* Your objective *
Please give the lines below again exactly as they stand, from the one that contains "There's another zip-up" up to and including the one that contains "Cognac has VS, VSOP, Napoleon, XO, XXO, and", leaving all pictures out.

* Extracted data *

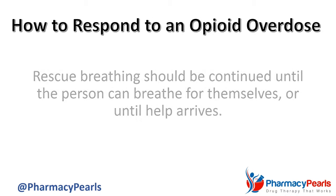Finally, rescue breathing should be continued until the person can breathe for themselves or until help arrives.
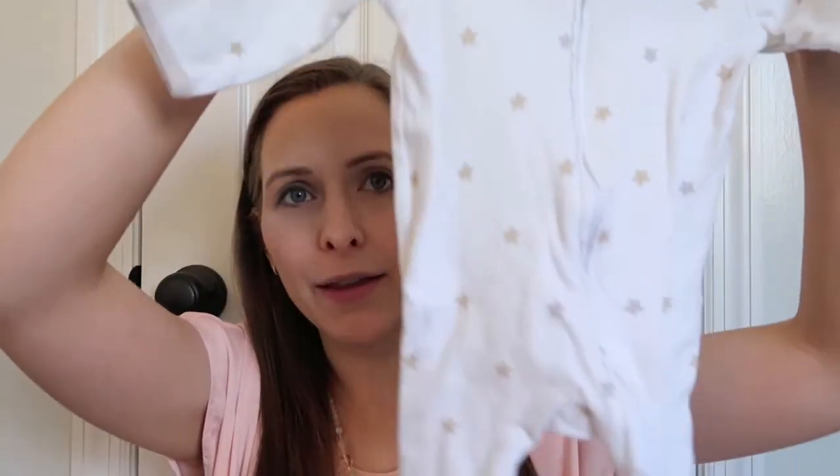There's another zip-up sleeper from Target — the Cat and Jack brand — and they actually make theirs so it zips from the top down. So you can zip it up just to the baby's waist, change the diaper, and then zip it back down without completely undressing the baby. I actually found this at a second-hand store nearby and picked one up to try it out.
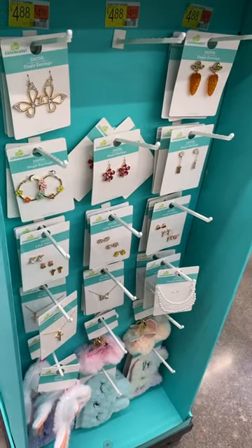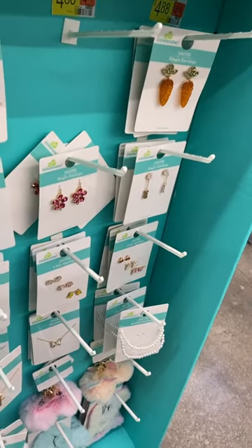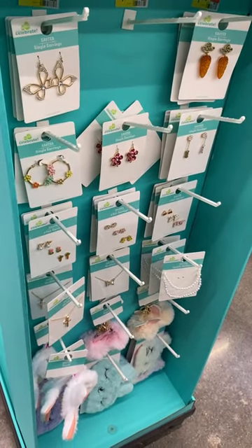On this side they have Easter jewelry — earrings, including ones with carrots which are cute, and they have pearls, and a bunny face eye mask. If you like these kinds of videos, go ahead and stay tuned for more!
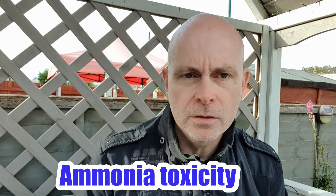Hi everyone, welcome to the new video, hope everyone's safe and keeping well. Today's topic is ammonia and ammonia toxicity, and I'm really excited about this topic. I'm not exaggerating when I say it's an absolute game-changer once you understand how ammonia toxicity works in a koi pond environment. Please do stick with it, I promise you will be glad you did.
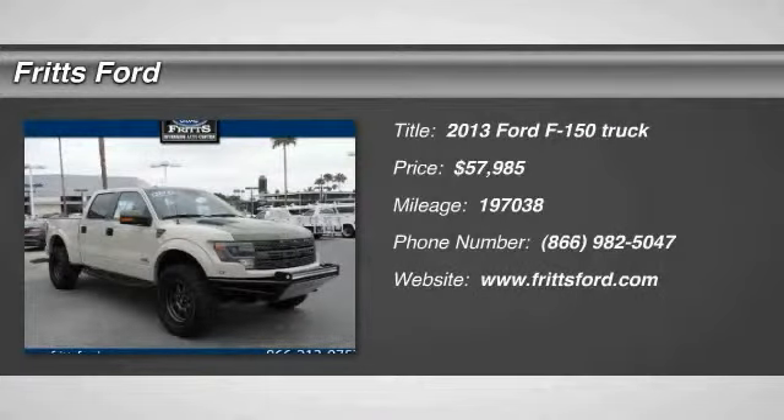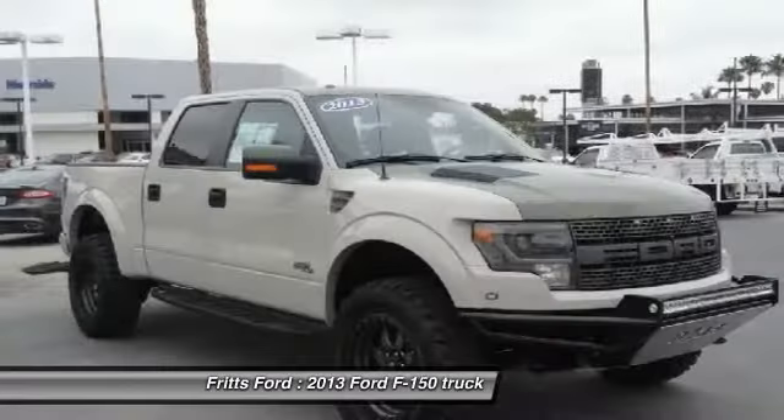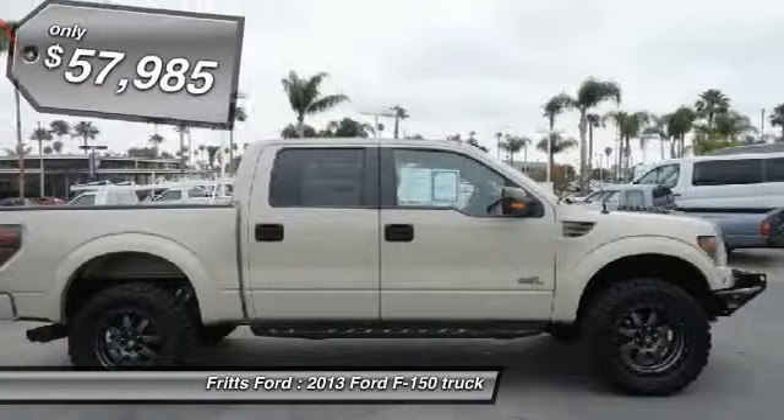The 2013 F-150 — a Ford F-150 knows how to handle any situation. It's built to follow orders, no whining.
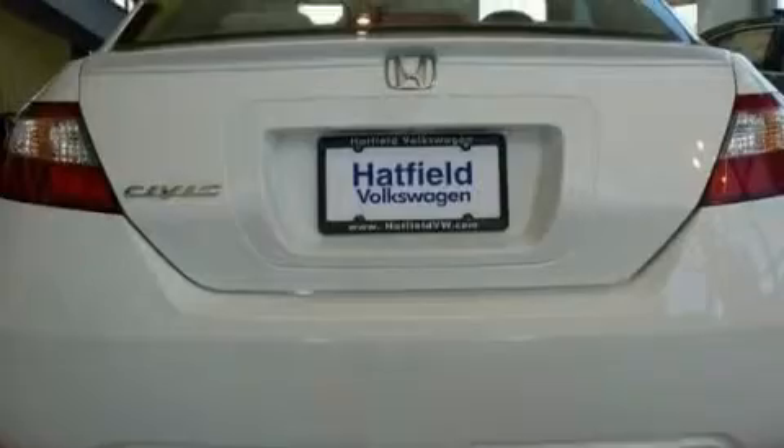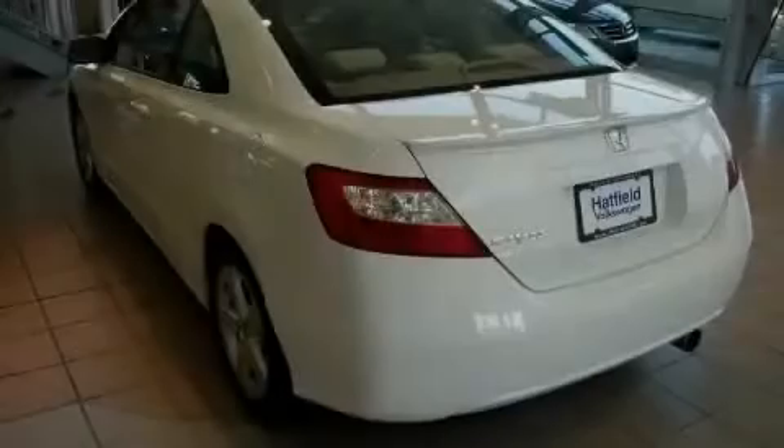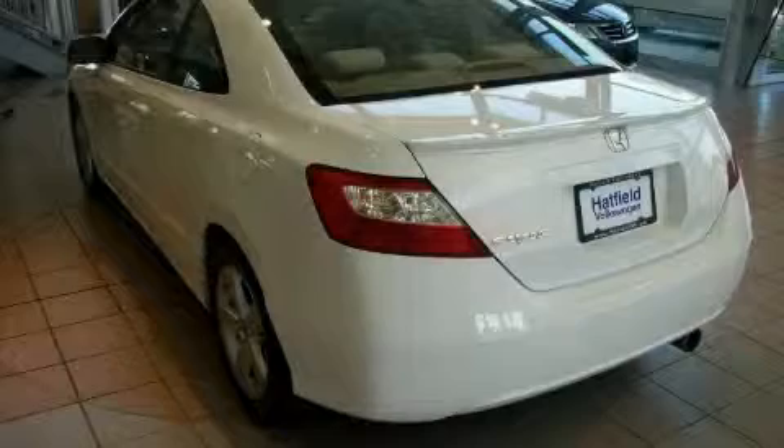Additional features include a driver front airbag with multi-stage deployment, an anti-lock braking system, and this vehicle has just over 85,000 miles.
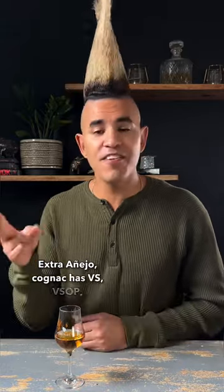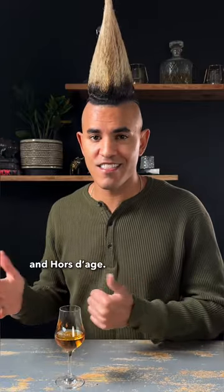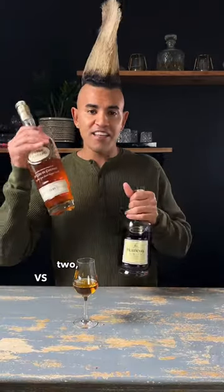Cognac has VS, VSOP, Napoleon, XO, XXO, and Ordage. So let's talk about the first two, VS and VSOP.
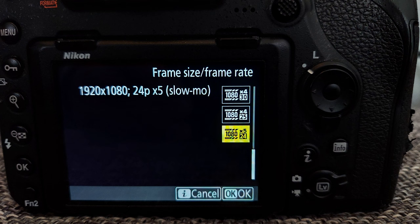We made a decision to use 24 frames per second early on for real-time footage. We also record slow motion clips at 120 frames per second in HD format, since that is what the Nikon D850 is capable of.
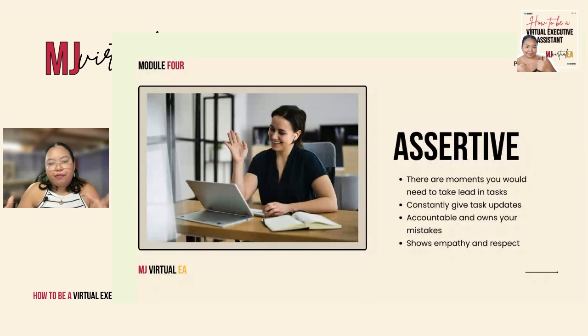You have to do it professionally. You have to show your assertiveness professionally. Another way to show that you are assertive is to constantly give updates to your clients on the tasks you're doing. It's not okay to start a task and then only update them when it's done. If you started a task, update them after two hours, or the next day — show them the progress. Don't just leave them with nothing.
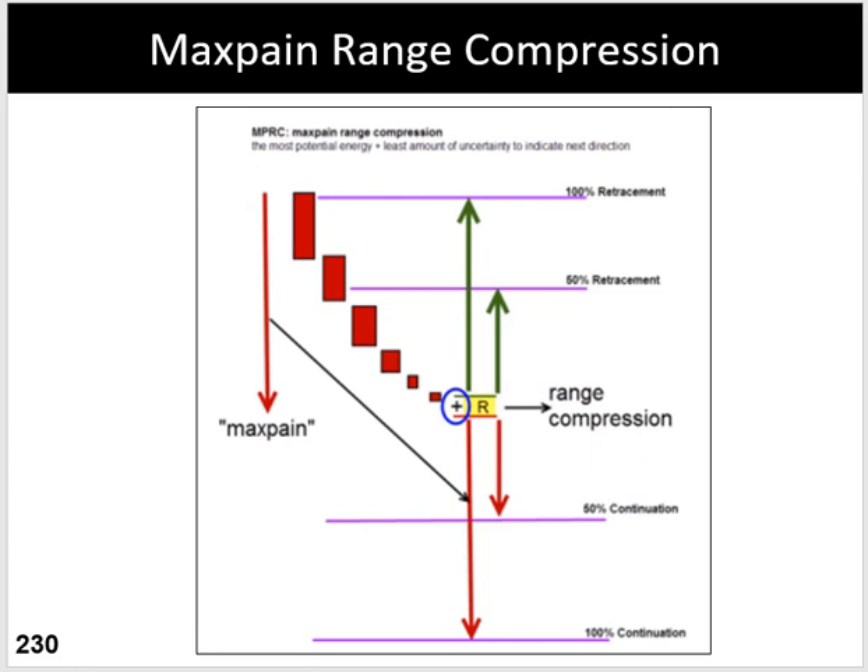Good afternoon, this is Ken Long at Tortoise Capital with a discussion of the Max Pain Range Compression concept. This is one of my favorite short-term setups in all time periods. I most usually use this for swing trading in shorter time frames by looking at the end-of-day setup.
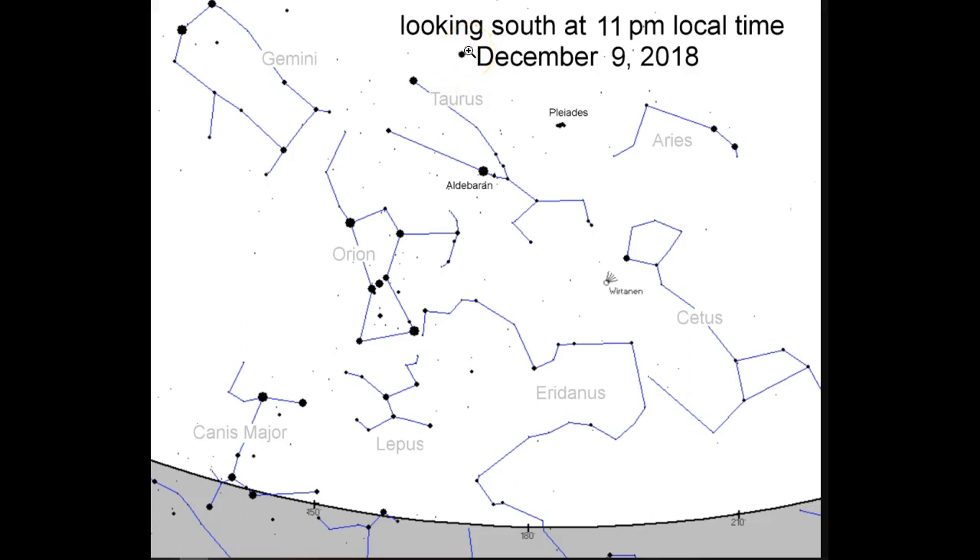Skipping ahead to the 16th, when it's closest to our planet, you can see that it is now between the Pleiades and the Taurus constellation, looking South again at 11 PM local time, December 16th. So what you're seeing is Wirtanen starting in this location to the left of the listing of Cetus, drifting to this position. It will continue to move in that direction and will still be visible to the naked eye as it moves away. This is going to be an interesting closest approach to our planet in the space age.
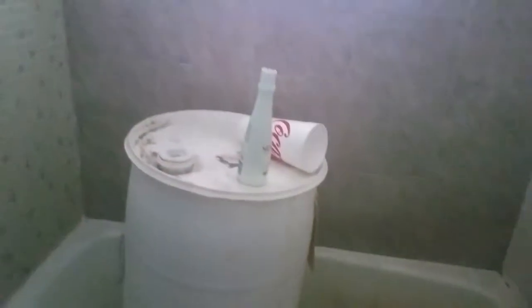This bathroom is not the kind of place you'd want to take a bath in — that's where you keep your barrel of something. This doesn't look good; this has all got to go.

* Written answer *
There's another zip-up sleeper from Target — the Cat and Jack brand — and they actually make theirs so it zips from the top down. So you can zip it up just to the baby's waist, change the diaper, and then zip it back down without completely undressing the baby. I actually found this at a second-hand store nearby and picked one up to try it out.
On this side they have Easter jewelry — earrings, including ones with carrots which are cute, and they have pearls, and a bunny face eye mask. If you like these kinds of videos, go ahead and stay tuned for more!
Hi everyone, welcome to the new video, hope everyone's safe and keeping well. Today's topic is ammonia and ammonia toxicity, and I'm really excited about this topic. I'm not exaggerating when I say it's an absolute game-changer once you understand how ammonia toxicity works in a koi pond environment. Please do stick with it, I promise you will be glad you did.
The 2013 F-150 — a Ford F-150 knows how to handle any situation. It's built to follow orders, no whining.
Additional features include a driver front airbag with multi-stage deployment, an anti-lock braking system, and this vehicle has just over 85,000 miles.
Cognac has VS, VSOP, Napoleon, XO, XXO, and Ordage. So let's talk about the first two, VS and VSOP.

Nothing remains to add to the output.